Trump tweets can no longer move A shares

By Xie Jun Source:Global Times Published: 2019/8/26 20:41:12

Chinese investors less sensitive to trade spat, experts say

Individual investors follow the stock market at a bourse in Nanjing, East China's Jiangsu Province on Monday. Photo: IC

US President Donald Trump's tariff hike announcements for China, often made on his personal Twitter account, are gradually losing their impact on A shares as the Chinese mainland capital markets have grown increasingly immune to news about the trade spat, while such news often causes quite a storm on US stock markets. 

This shows that Chinese investors are becoming more confident, as they found that the trade war didn't affect the nation's economy as much as they had anticipated. Investors in the US, on the other hand, have started to feel panicky about the negative impact of the dispute, which they didn't care too much about in the beginning, experts said. 

The Shanghai Composite Index fell 1.17 percent on Monday while the Shenzhen Component Index was down 0.98 percent. 

The two markets fell following Trump's tweet on Friday (US time) that the US government will raise tariffs on $250 billion of Chinese goods to 30 percent from 25 percent starting on October 1. He also said the US would raise tariffs on $300 billion worth of Chinese products effective from September 1 from 10 percent to 15 percent. 
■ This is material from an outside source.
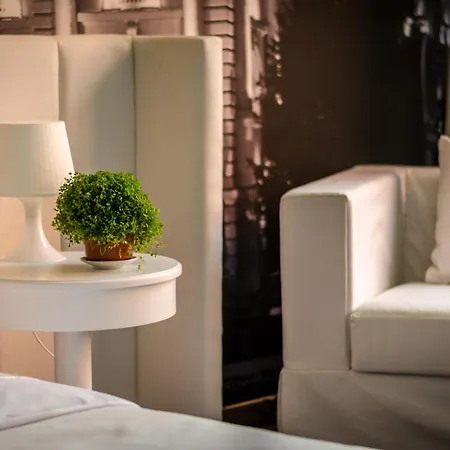 Passport Belgrade Hotel Belgrade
Earlier that day, China announced tariff hikes on $75 billion worth of US products in response to Trump's latest planned tariff hikes.

This wave of tit-for-tat tariffs struck a much heavier blow against the US stock markets than the Chinese markets. On Friday, the Dow Jones Industrial Average slipped 2.37 percent to 25,628.90 points, while the Nasdaq Composite Index slipped 3 percent to 7,751.77 points. 
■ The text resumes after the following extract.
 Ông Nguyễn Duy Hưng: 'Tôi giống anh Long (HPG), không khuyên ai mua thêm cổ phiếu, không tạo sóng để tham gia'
This was in stark contrast with the situation when the trade war began. At that time, news of tariff hikes by the US often set off an instant plunge on the mainland markets. 

For example, on June 19, 2018, the Shanghai market slumped 3.78 percent and the Shenzhen market was down 5.31 percent, after Trump announced on the night of June 18 that the US would add 10 percent tariffs on $200 billion of Chinese goods. That was a punitive measure related to a round of tariff increases he just had just announced several days earlier. 
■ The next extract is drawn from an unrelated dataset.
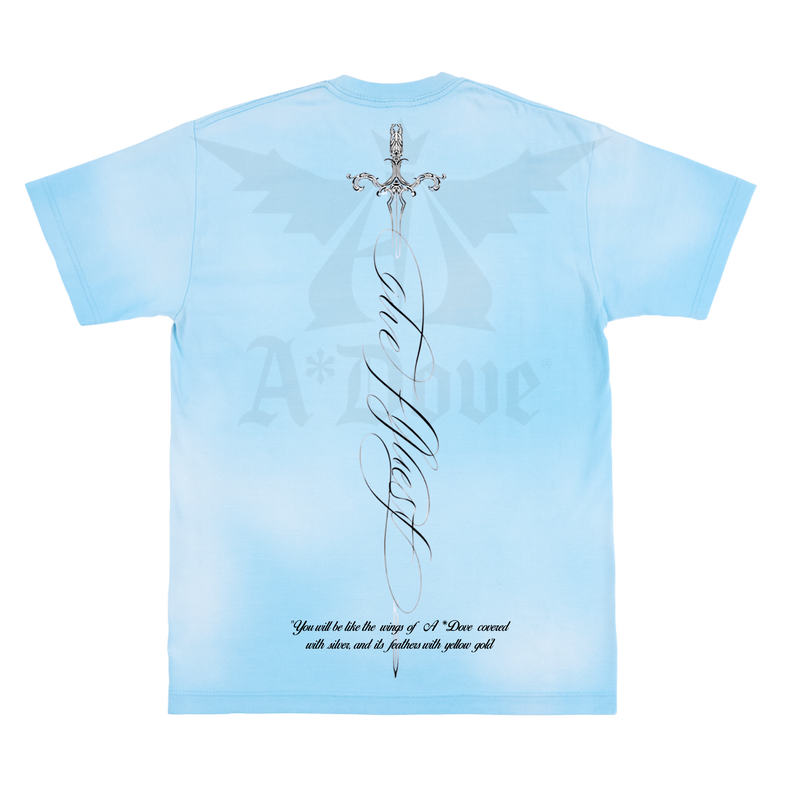 The Flyest - Garment Dyed T-Shirt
"Mainland investors took the trade war effect very seriously... a bit too seriously ... so the Chinese markets responded quickly and strongly to news of the tariff hikes. But gradually, domestic investors found that the trade war didn't hurt the Chinese economy or their lives as much as they had expected, so their confidence was restored," Xi Junyang, an economics professor at the Shanghai University of Finance and Economics, told the Global Times on Monday. 

According to Xi, news of tariff increases sent A shares down several times before. "The impact from the trade war moves on A shares is gradually decreasing and will dwindle even more in the future," he said. 

A stock investor surnamed Dai told the Global Times on Monday that news of sudden tariff hikes by Trump no longer shocks her as it did previously. She's gotten used to it and started to view those developments as normal trade negotiation proceedings. 

Li Daxiao, chief economist at Shenzhen-based Yingda Securities, wrote in his Weibo account on Monday that as overseas capital poured into the Chinese market, mainland capital also slowly woke up. Stronger performances by blue-chip stocks also brought confidence to the market. "After years of adjustment, the resilient nature of the A-share market is becoming more and more evident," he said. 

Xi said that US investors, on the contrary, are increasingly sensitive to trade war fluctuations. They have started to feel the negative impact of the trade friction as recent US economic data pointed toward signs of recession. 

Yang Zirong, an associate research fellow of the Institute of World Economics and Politics of the Chinese Academy of Social Sciences, told the Global Times that the government has rolled out policies to support the market. For example, there was the China Securities and Regulatory Commission's meeting on Sunday to discuss capital market reforms, which injected confidence into the markets. 

Global index providers like MSCI, which are gradually including A shares, also offset external pressures on the market, he said.